### What to work on
Return the lines of the listing below exactly as they appear, beginning at the one with "Схема №4 WTE84306NL" and stopping after the one with "Construction at Egypt's"; do not include pictures.

### The input
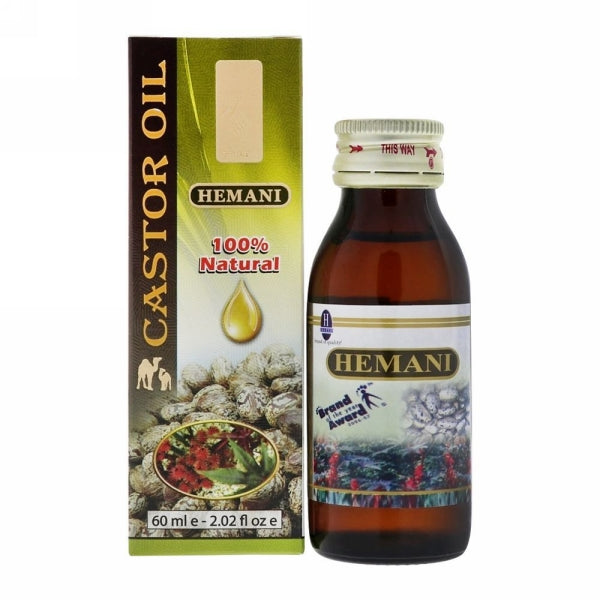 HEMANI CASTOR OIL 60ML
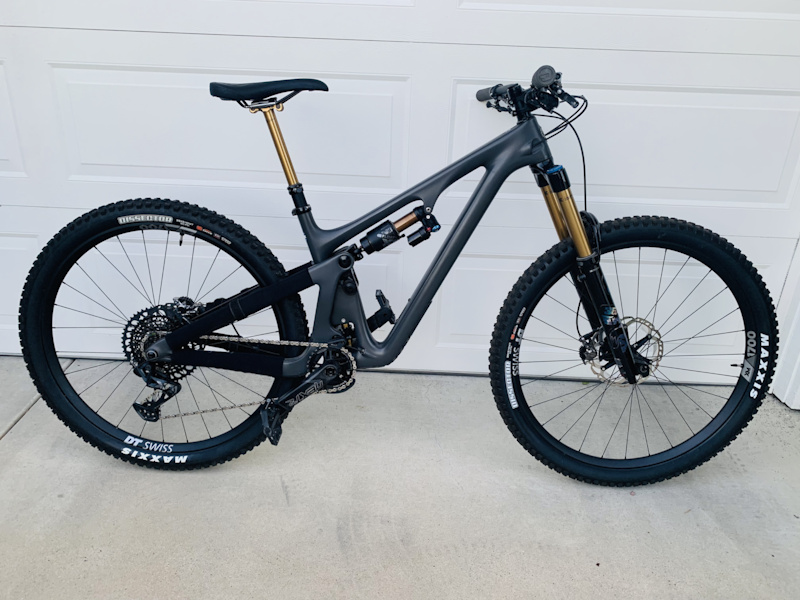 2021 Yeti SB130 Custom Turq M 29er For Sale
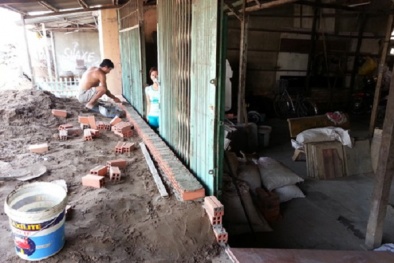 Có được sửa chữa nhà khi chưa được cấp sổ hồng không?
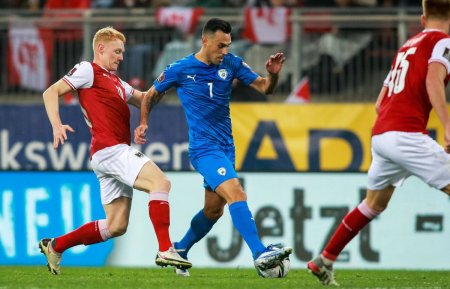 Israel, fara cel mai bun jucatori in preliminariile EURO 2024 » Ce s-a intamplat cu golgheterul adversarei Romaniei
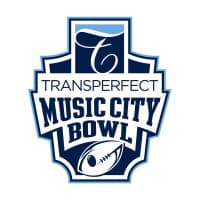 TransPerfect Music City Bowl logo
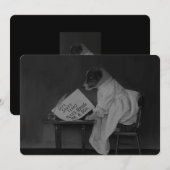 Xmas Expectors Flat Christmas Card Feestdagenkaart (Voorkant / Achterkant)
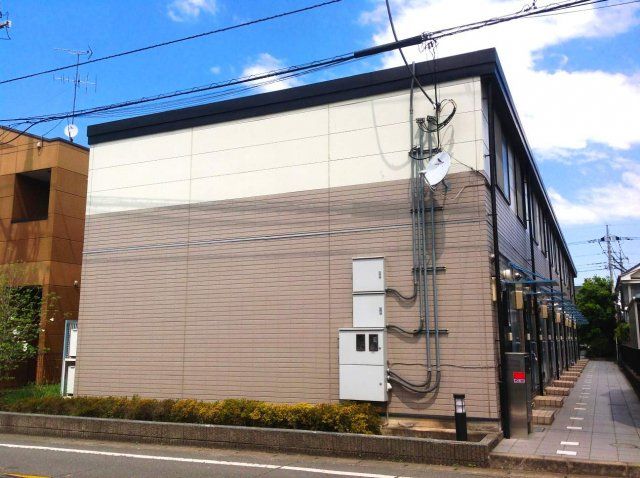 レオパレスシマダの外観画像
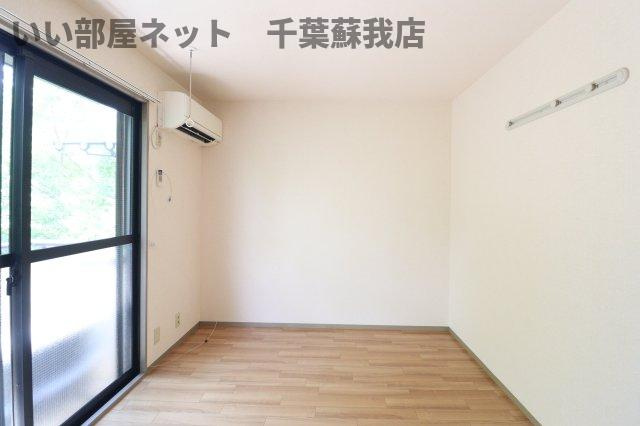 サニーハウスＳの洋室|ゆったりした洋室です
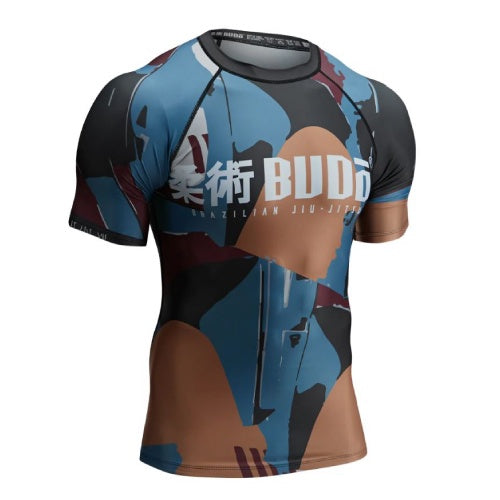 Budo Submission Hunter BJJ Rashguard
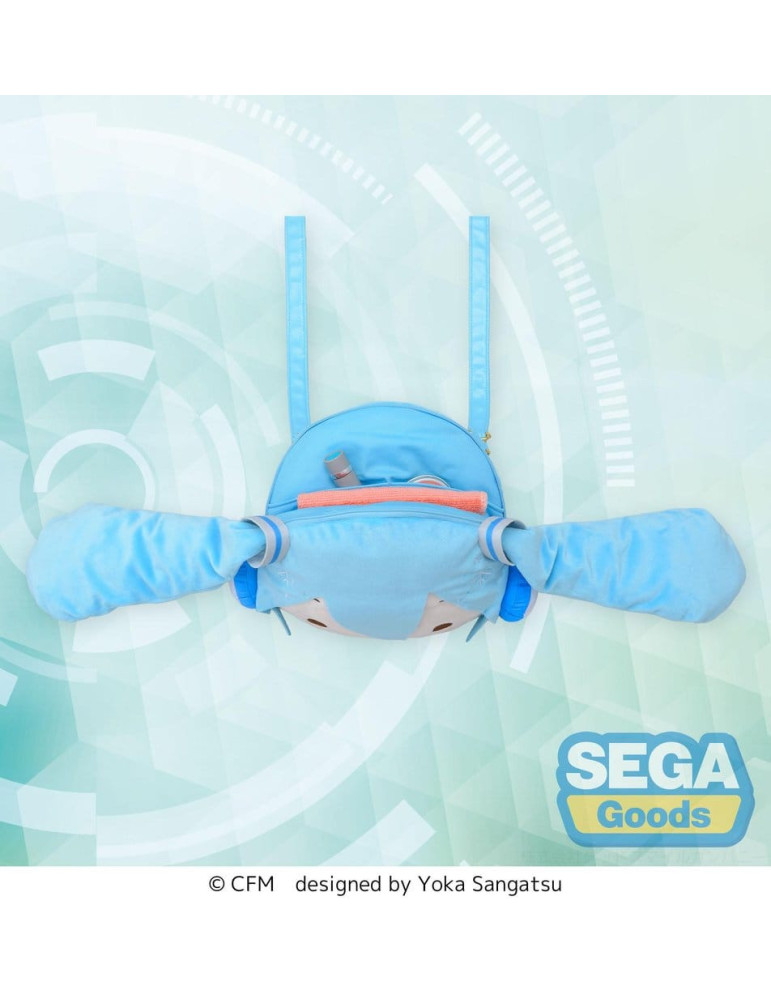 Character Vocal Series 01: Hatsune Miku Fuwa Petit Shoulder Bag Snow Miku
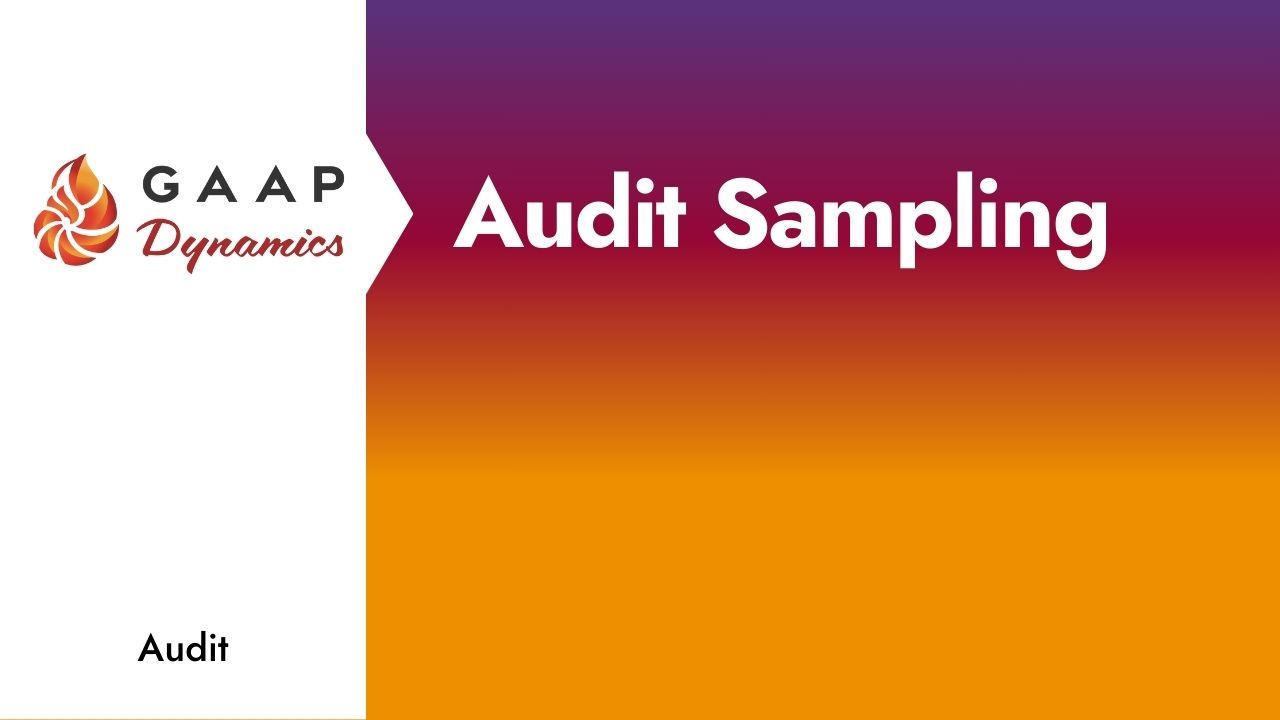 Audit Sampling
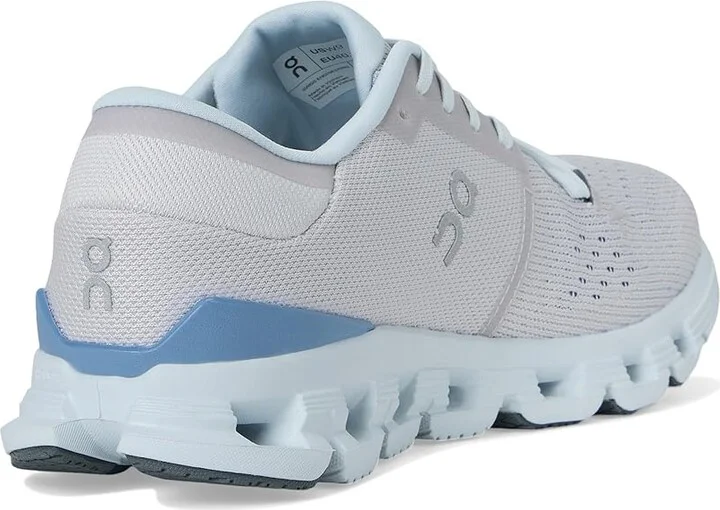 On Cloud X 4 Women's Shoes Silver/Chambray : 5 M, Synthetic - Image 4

...

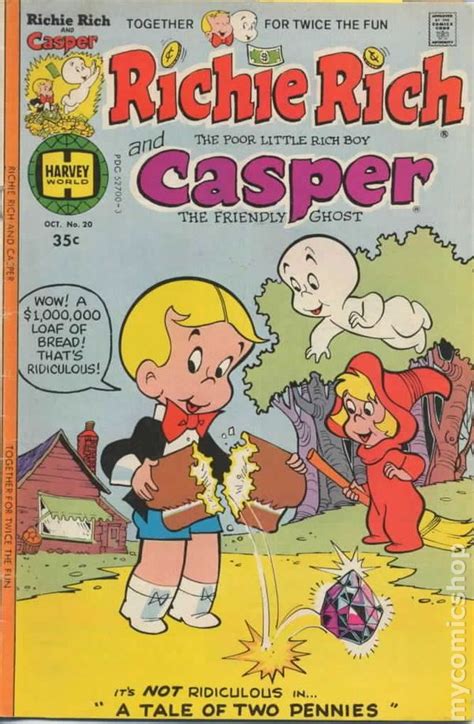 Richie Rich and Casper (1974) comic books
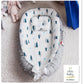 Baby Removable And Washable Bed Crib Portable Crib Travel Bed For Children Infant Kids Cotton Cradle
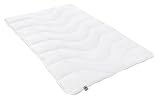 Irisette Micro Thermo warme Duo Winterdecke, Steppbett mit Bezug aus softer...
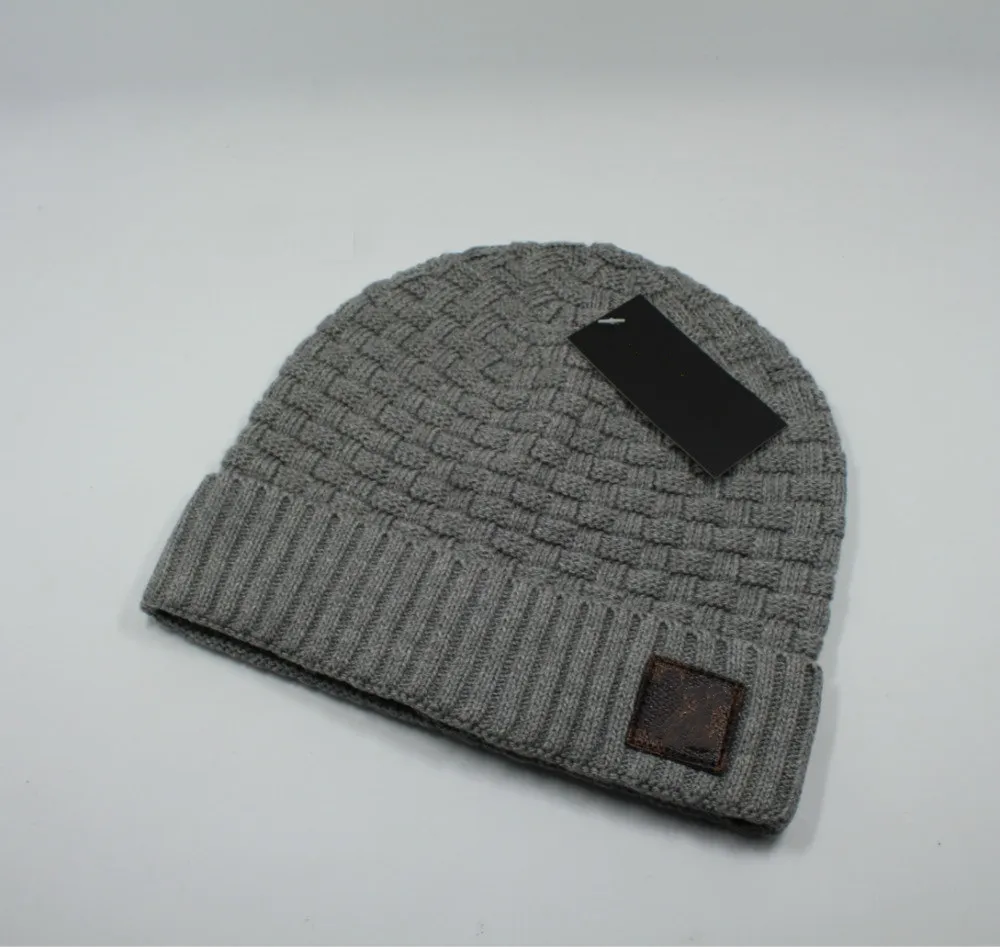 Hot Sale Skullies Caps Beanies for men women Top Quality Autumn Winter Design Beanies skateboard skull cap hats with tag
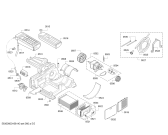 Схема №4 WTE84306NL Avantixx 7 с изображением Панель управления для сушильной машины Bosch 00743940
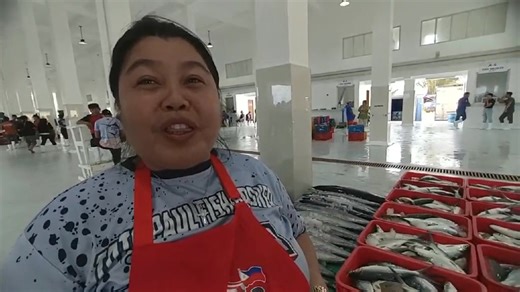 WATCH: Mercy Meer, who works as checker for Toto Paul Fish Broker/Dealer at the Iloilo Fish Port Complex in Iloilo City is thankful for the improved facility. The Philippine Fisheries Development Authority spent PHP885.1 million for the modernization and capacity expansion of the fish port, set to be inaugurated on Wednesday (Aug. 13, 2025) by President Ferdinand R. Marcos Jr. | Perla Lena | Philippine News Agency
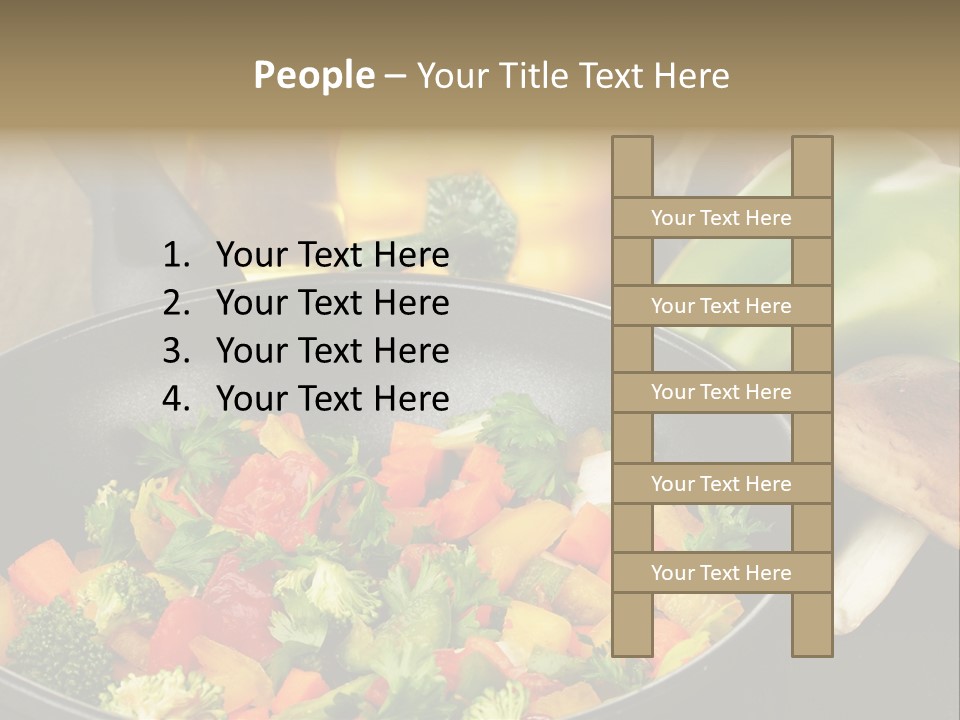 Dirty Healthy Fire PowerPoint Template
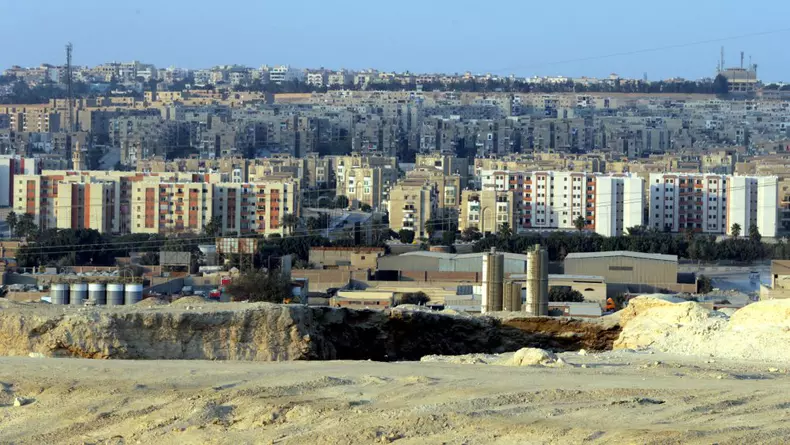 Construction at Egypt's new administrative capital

* * *

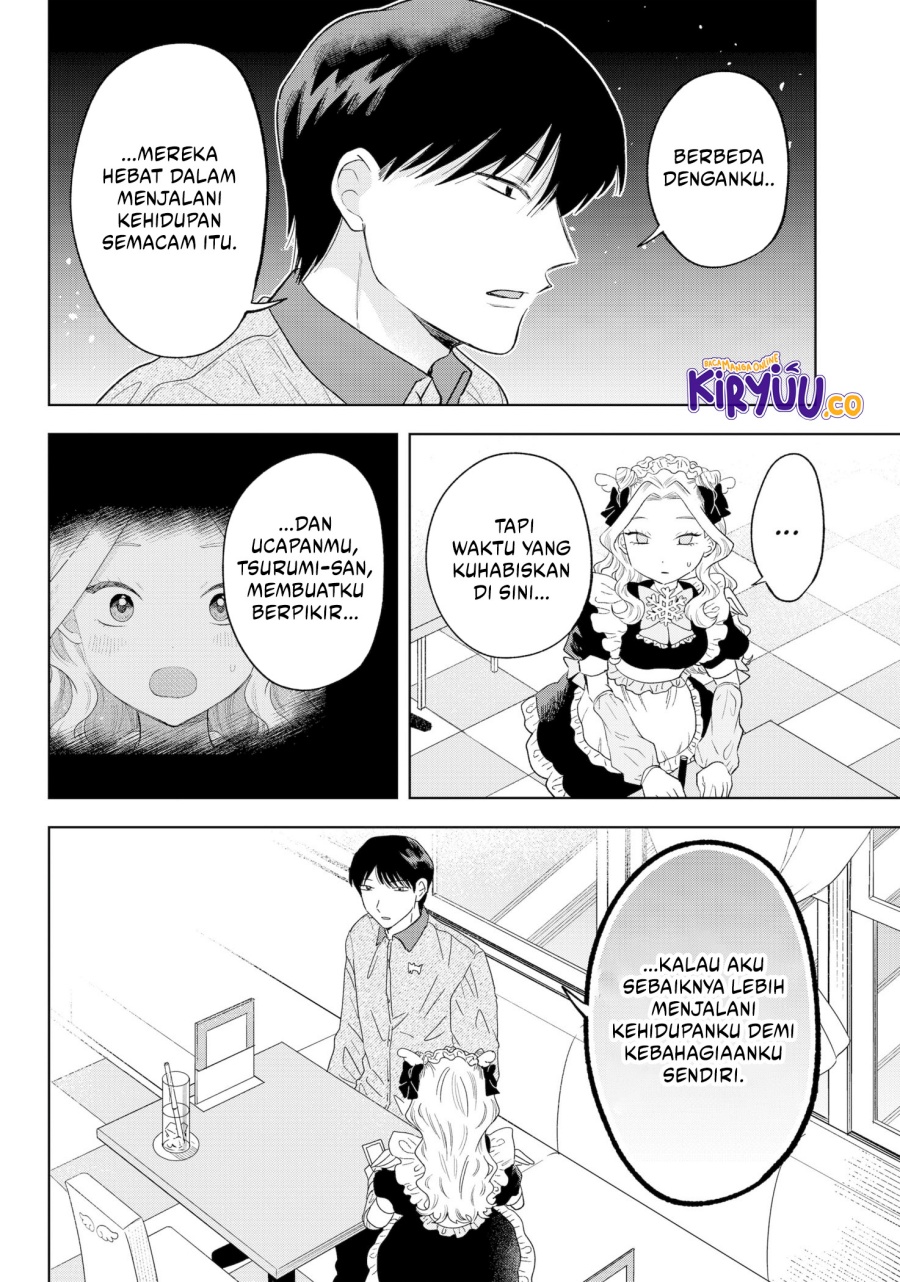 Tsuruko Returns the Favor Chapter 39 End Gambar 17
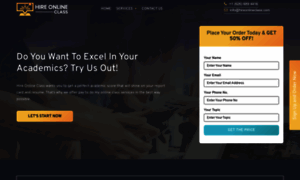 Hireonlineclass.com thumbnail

### Your response
 Схема №4 WTE84306NL Avantixx 7 с изображением Панель управления для сушильной машины Bosch 00743940
 WATCH: Mercy Meer, who works as checker for Toto Paul Fish Broker/Dealer at the Iloilo Fish Port Complex in Iloilo City is thankful for the improved facility. The Philippine Fisheries Development Authority spent PHP885.1 million for the modernization and capacity expansion of the fish port, set to be inaugurated on Wednesday (Aug. 13, 2025) by President Ferdinand R. Marcos Jr. | Perla Lena | Philippine News Agency
 Dirty Healthy Fire PowerPoint Template
 Construction at Egypt's new administrative capital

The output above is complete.